How To Program a Cybersecurity Loss Exceedance Curve in Python

Tim Layton
13 min readNov 27, 2023

Creating a Loss Exceedance Curve (LEC) in Python is a valuable cybersecurity risk analysis tool, especially when estimating and predicting future loss events.

The LEC curve helps business leaders understand the potential financial impact of cyber incidents over a certain threshold.

In this article, I will walk through the process of programming a LEC curve, considering a scenario where the probability of a cybersecurity event is known, and we have industry benchmark data providing a 90% confidence interval for potential losses.

Jupyter Notebook

I highly recommend using Anaconda and Jupyter Notebook to create and manage your Python code for cybersecurity risk analysis projects. Once you install and launch Anaconda, Jupyter Notebooks is one of the development environments you will have available.

Jupyter Notebook is a popular tool for data science and cybersecurity risk analysis projects, especially when working with Python. Its benefits include:

Interactive Environment: Jupyter Notebooks offer an interactive coding environment, enabling you to execute code in segments (cells) and see the results immediately. This is ideal for exploratory data analysis and iterative testing in cybersecurity projects.

Documentation and Visualization: It allows for the integration of live code, visualizations, and explanatory text in a single document. This makes it easier to understand the analysis process and results, particularly useful for complex cybersecurity risk analyses.

Ease of Sharing and Collaboration: Notebooks can be easily shared among team members or stakeholders, facilitating collaboration. They can be viewed and edited by others, aiding in collaborative development and review of analysis.

Support for Multiple Languages: Although primarily used for Python, Jupyter supports various programming languages, making it versatile for different kinds of data science projects.

Integration with Data Science Tools: Jupyter integrates well with popular data science libraries like Pandas, NumPy, Matplotlib, and TensorFlow, which are essential in data manipulation, statistical analysis, and visualization in cybersecurity risk analysis.
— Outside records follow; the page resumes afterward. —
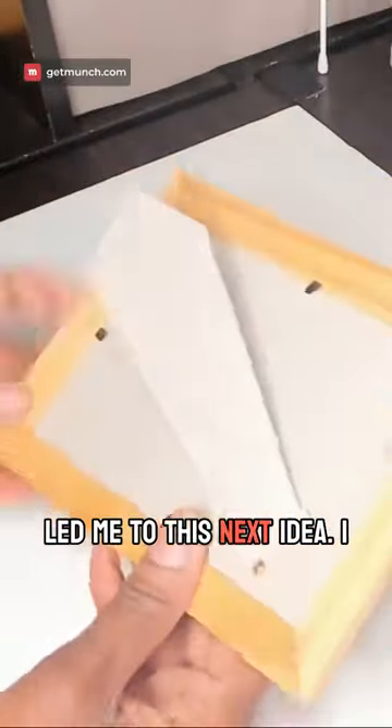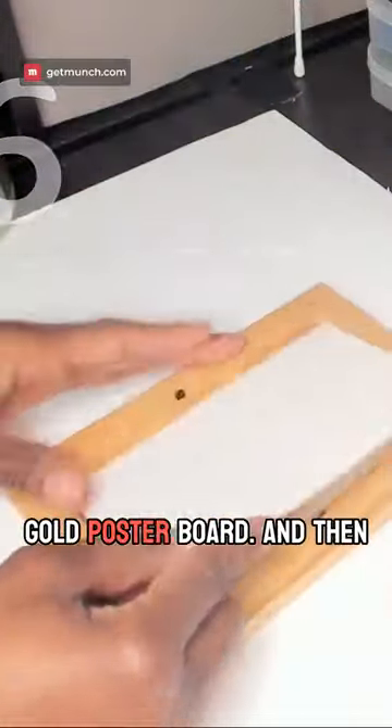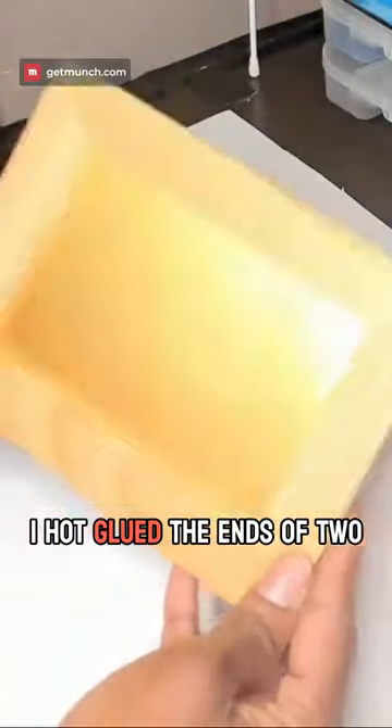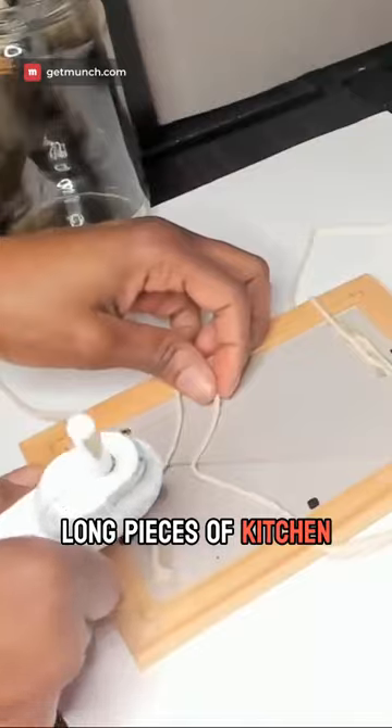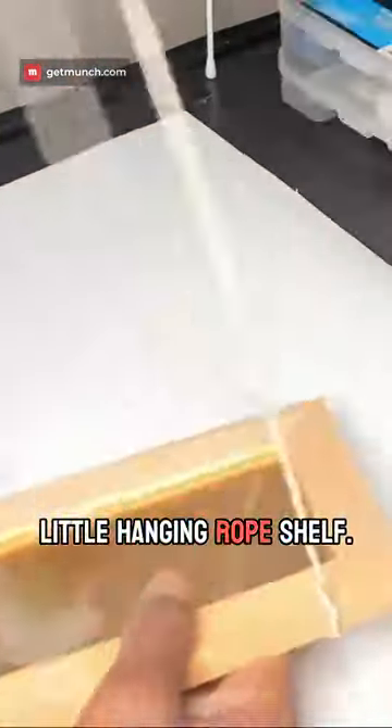An IKEA picture frame led me to this next idea. I started by replacing the paper with a small piece of gold poster board, then hot glued the ends of two long pieces of kitchen twine to the back of the frame and made a chic little hanging rope shelf.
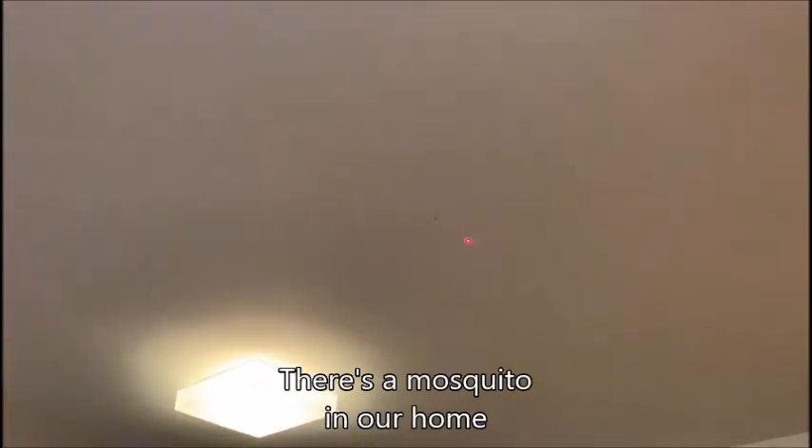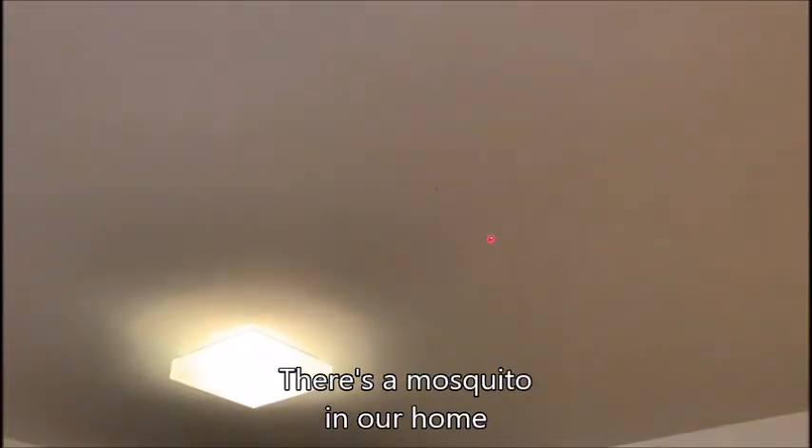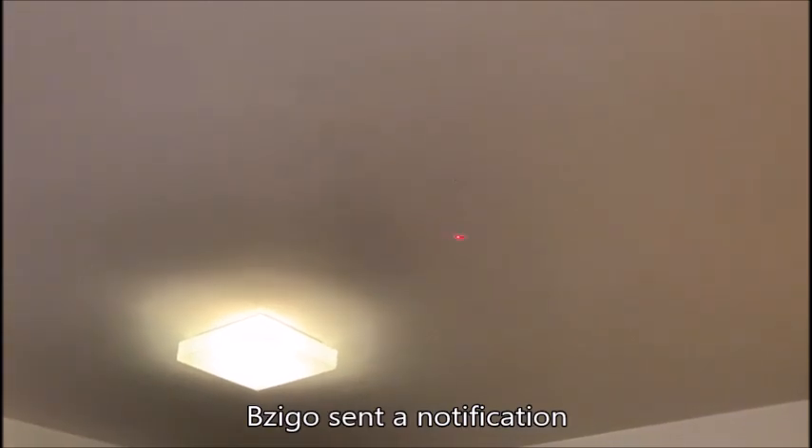There's a mosquito in our home. Bzigo sent us a notification. Now it's showing us where it landed.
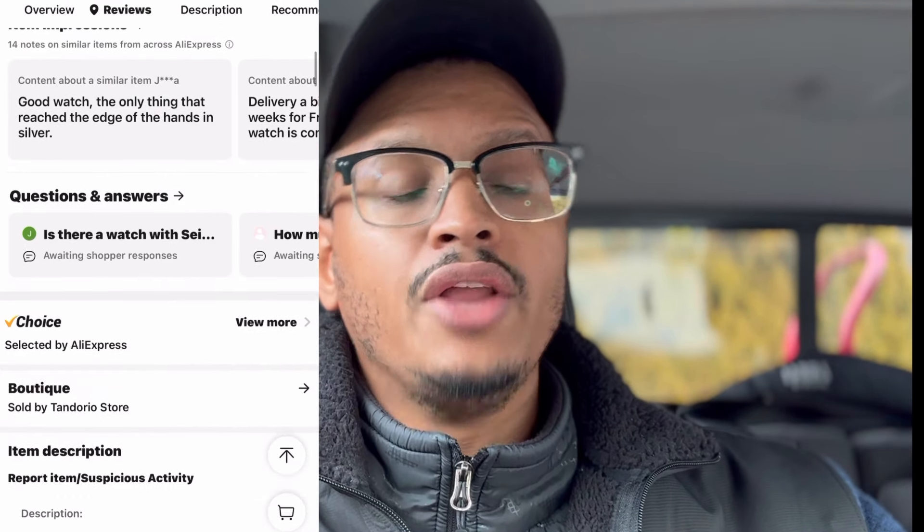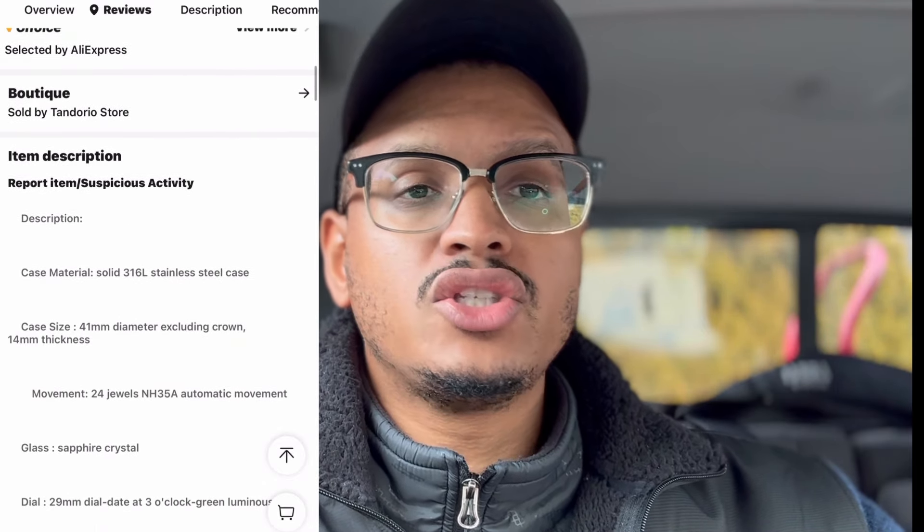Another added benefit to going this route is that later on, when you want to start dabbling in customization on both watches, you'll have that option. On the Tandarillo, you could swap out the bezel, the hands — you could pretty much swap out any piece on there because it's an NH35 movement. There are so many different options to go into that watch and customize it without fear of ruining something you spent a lot of money on, because it's going to be around $60 — well below the $100 mark. That's definitely a standout feature for the watch overall. And the SKX007 and the 009 are extremely expensive nowadays if you're looking to buy brand new from Seiko. So with those reasons in mind, that watch is a great place for you guys to start off and save some money.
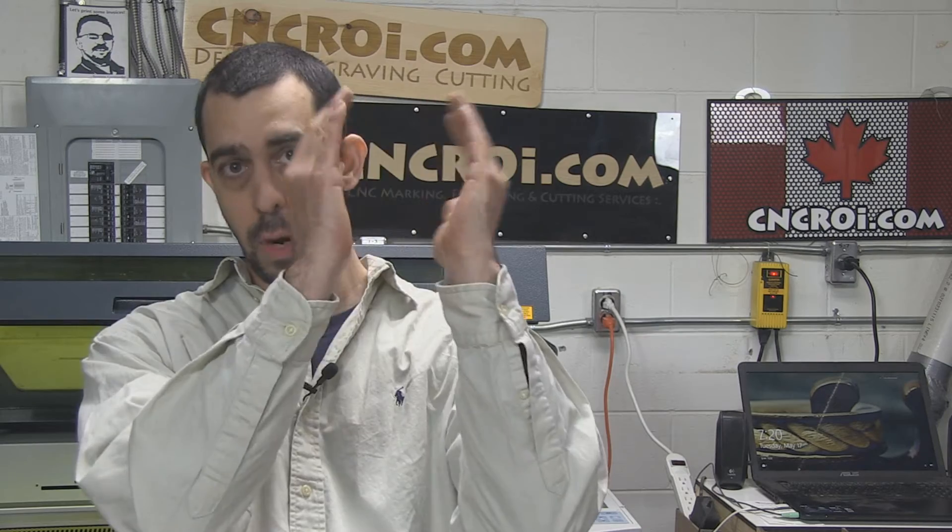If you want to do something like a one-off on a very high-end glass trophy that is rounded — which is something that's very hard to handle with a laser — the sandblaster wins.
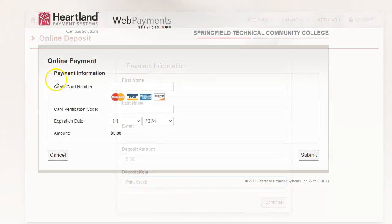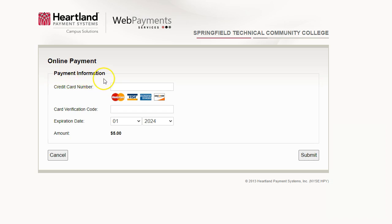On the next screen, you'll enter your payment information using either a debit or credit card. The site accepts Visa, MasterCard, American Express, and Discover. Enter your card number, the expiration date, and the card's three or four-digit security code. Then click Submit.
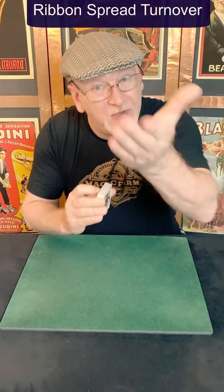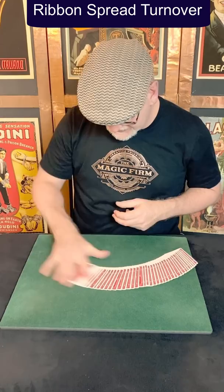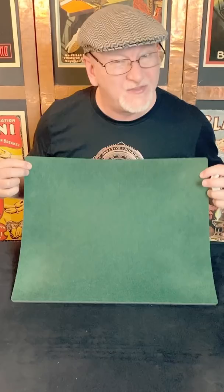In this clip you're going to learn the ribbon spread turnover. To do that you'll need to learn the ribbon spread, and to do that you'll need a soft surface. I'm using a magician's close-up pad — it's like a big mouse pad — but really any tablecloth should work, or you could practice on a towel. Even a rug is fine.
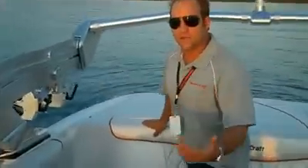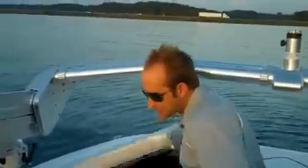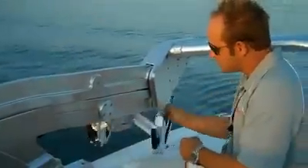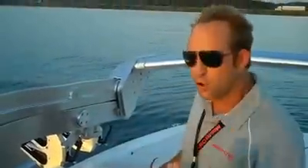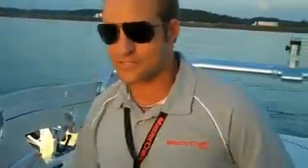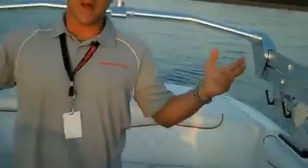A lot of the other manufacturers out there — when you drop their tower you can't access the storage in the back, or you can't really use the rotating board racks. So we've got full functionality of the whole tower, and I'm not sitting underneath the tower in the driver's seat. When I want to put the tower back up, I flip the switch and up it goes.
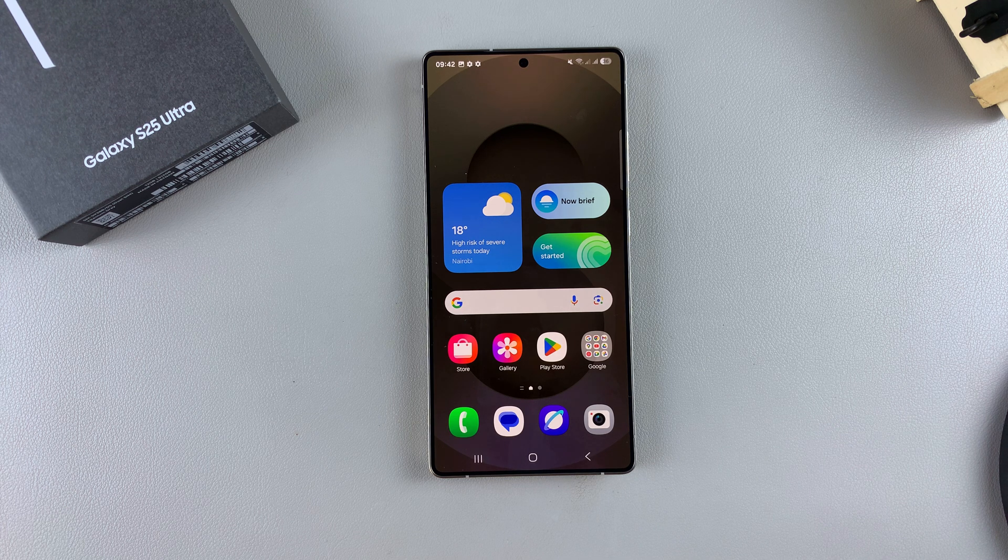In this video, you'll learn the different ways you can take a screenshot on your Samsung Galaxy S25. I'll be using the S25 Ultra, but these instructions will apply across all the S25 phones.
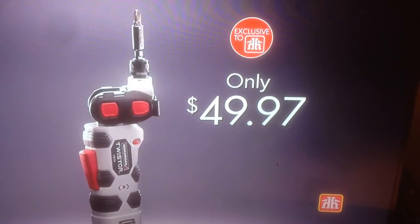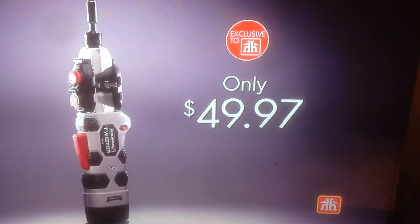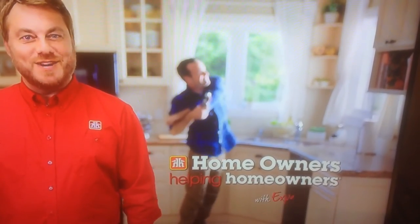The Benchmark Twistor is available exclusively at Home Hardware and Building Centre locations — homeowners helping homeowners with expert advice.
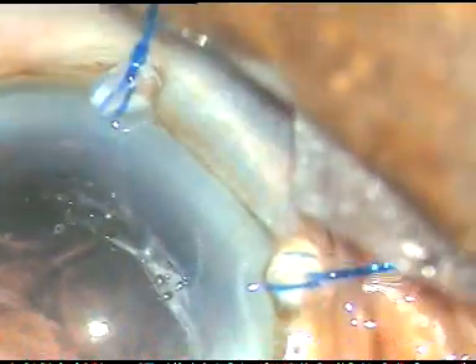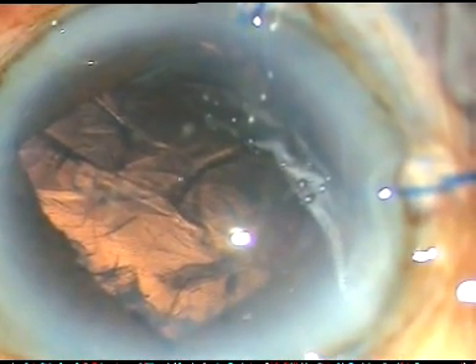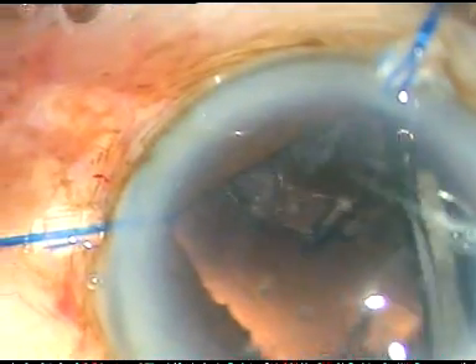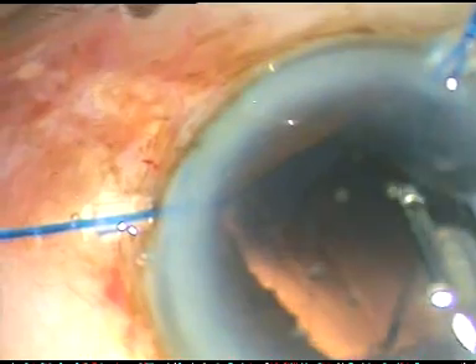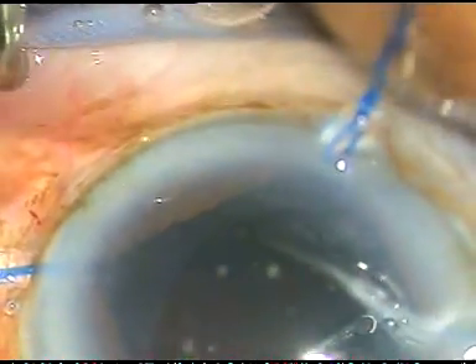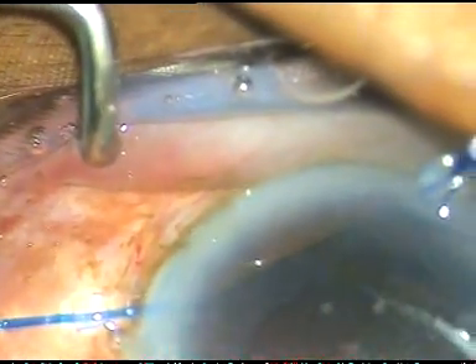Now I inject viscoelastic substance, support the bag and then come out. Now I am going to remove the cortical matter. Since I have done hydrodissection, removal of the cortical matter is not difficult. I have done some CTR implantations without hydrodissection and in those cases removal of the cortical matter was a bit clumsy. That is why in this case I did a bit of hydrodissection and then implanted the CTR.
Learning and Teaching Tool: Its format is conducive to teaching and learning Python programming and data science concepts, making it a great tool for educational purposes.

Overall, Jupyter Notebook is a powerful and user-friendly tool that enhances the efficiency, collaboration, and communication of data science and cybersecurity risk analysis projects.

I am committed to equipping cybersecurity professionals with the robust capabilities of quantitative Bayesian statistical methods. By leveraging these mathematical and statistical tools, we can enhance our current risk assessment techniques and present risks in terms that business leaders can understand. Bayesian methods allow us to prioritize cybersecurity risks and communicate them with their potential economic impact, ensuring clarity for business professionals.

You can connect with me on LinkedIn and follow my articles here on Medium. Get notified via email every time I publish a new article.

In other articles, I discuss using the Beta Distribution and Laplace’s Rule to calculate the probability of an event occurring based on industry breach data from sources like the annual Verizon DBIR report.

You can read those articles here on Medium or my website at https://bayescybercoder.com/

Background Information

In this example, I am creating this code for the financial industry, where there are 4237 commercial banks in the reference class.

Two hundred thirteen of those organizations realized a cyber breach during the previous year via web application attacks. Their losses ranged from $360,000 to $16,800,000. This range of losses becomes the lower and upper bounds of our 90% confidence interval.

This is real data that I had to research to be able to use it for this project. You can do the same thing for your industry and specific scenario.

In my case, since the organization had not experienced a data breach from the type of attack method, I needed to create a reference model and define a starting place.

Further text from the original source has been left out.